La realtà è che la Michelin segue una propria rotta imperscrutabile. Ci sono oggettivamente una serie di cuochi giovani e meno giovani che stanno facendo un lavoro realmente ottimo e riconosciuto dalle altre guide, ma pure dai gourmet itineranti. Il caso Lido 84 di Riccardo Camanini è il perfetto esempio: passi per i Cinque Cappelli dell’Espresso e le Tre Forchette del Gambero Rosso (il top delle rispettive pubblicazioni), ma lasciare fermo a una Stella un locale che per la The Best World’s Restaurant è 15° – il migliore in Italia – appare ai più assurdo, grottesco, delirante. Invece, credeteci, è solo Michelin. Con meno enfasi, peraltro, è una situazione che riguarda cuochi come Carlo Cracco, Andrea Berton e Matteo Baronetto che stanno facendo benissimo. Qualcuno tira persino in ballo che insieme a Camanini sono marchesiani, dimenticando che Davide Oldani (due Stelle) lo è e quest’anno uno degli ultimi allievi, Fabrizio Molteni, ha conquistato il Macaron in un buon locale di Sirmione, La Speranzina. Mentre il cuoco che l’ha sostituito all’Albereta nel 2011, Daniel Canzian – bravo ed esperto – non è stato ancora premiato, nonostante lavori benissimo nel suo ristorante a Milano.

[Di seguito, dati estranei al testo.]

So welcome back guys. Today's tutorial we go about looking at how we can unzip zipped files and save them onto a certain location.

La piantiamo qui, perché l’elenco sarebbe noioso (e non riguarda solo i marchesiani ovviamente). È per sottolineare il mistero gaudioso che nessuno è in grado (realmente) di svelare e nel 2021 resta il plus della Michelin: perché nessuno discute il famoso 30 per cento in più delle prenotazioni in un locale neo stellato unitamente alla commozione dello chef e all’entusiasmo. Ma è come arrivarci il tema. L’unica boa del percorso ancorata bene – perché viene sottolineato dalla Michelin – è la costanza delle prestazioni: non basta fare il botto, ma arrivati al livello ritenuto giusto non avere cedimenti. Ed ecco spiegato perché ci sono locali eterni con una stella che sono vintage (d’autore, sia chiaro) rispetto a quelli nati nell’ultimo decennio. Giusto? Sbagliato? È la Michelin. In compenso, ecco la ricerca di under 35 e under 30 – rispettivamente sedici e cinque tra i neo stellati – che da un lato è meritoria, ma al tempo stesso penalizzante per tanti bravi professionisti tra i 40-50 anni che (questo non abbiamo paura di dirlo) propongono cucine e lavorano in locali superiori.

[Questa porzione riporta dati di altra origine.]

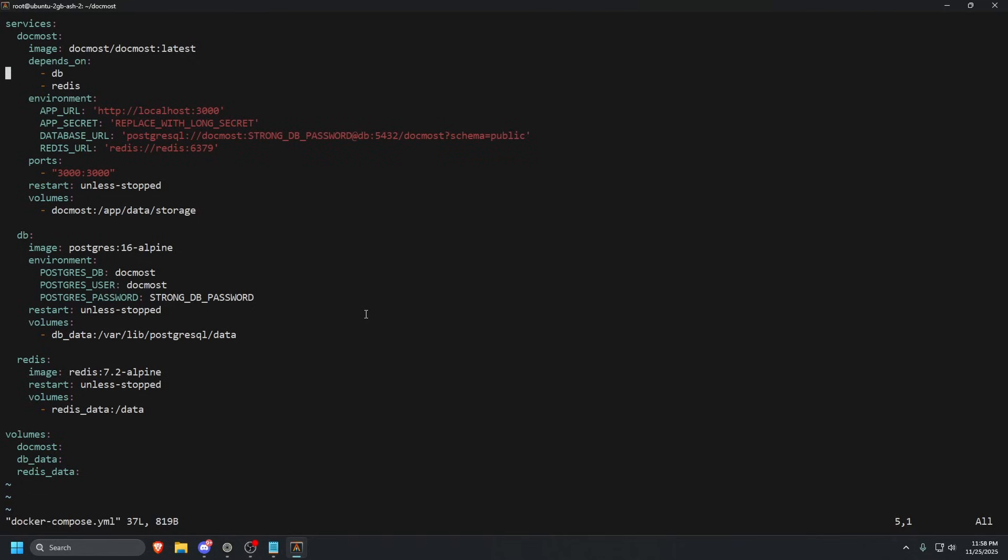Inside our environment, we have app URL. This is HTTP localhost colon 3000. This is fine for the tutorial. What you will want to do is type in your DNS name if you have that or your fully qualified domain name, so docmost dot and then your domain dot com. And then once you have that, you can use something like a reverse proxy such as Nginx proxy manager. We already did one on Nginx proxy manager to see how you can secure that with an SSL certification.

In questo caso, c’è meno mistero: si chiama sottilissimo equilibrio tra l’apparire conservatrice (quasi reazionaria) e il mostrarsi rivoluzionaria, anche con l’idea delle Stelle Verdi, meritevoli, ma legate a un calderone di aspetti che in realtà ormai caratterizzano un mare di locali in Italia. Citiamo testualmente: «Nell’assegnare il riconoscimento, gli ispettori prendono in considerazione molteplici fattori: la produzione delle materie prime, il rispetto del lavoro e il supporto dei produttori locali, la riduzione degli sprechi, la gestione dei rifiuti, le azioni mirate a minimizzare l’utilizzo delle risorse energetiche e l’impatto della struttura sull’ambiente, la formazione sostenibile dei giovani sono solo alcuni dei temi». Di tutto, di più. Detto questo, saranno i mesi (anzi, gli anni) successivi a dare peso alle scelte di questa edizione che prometteva fuochi epocali – ma eravamo noi a pensarlo, come sempre – ma ha sparato solo buoni mortaretti. O meglio, li ha esibiti con il solito stile: ci sono campioni che inseguono da cinque o dieci anni la seconda Stella ed ecco che un professionista serissimo, ma obiettivamente non del salotto buono quale Giovanni Solofra, se la conquista partendo da zero con il Tre Olivi di Paestum. È il fascino della Michelin, il mistero che da un lato affascina e dall’altro fa arrabbiare. Ma intanto, ne siamo qui a parlare. Ancora una volta, quindi chapeau.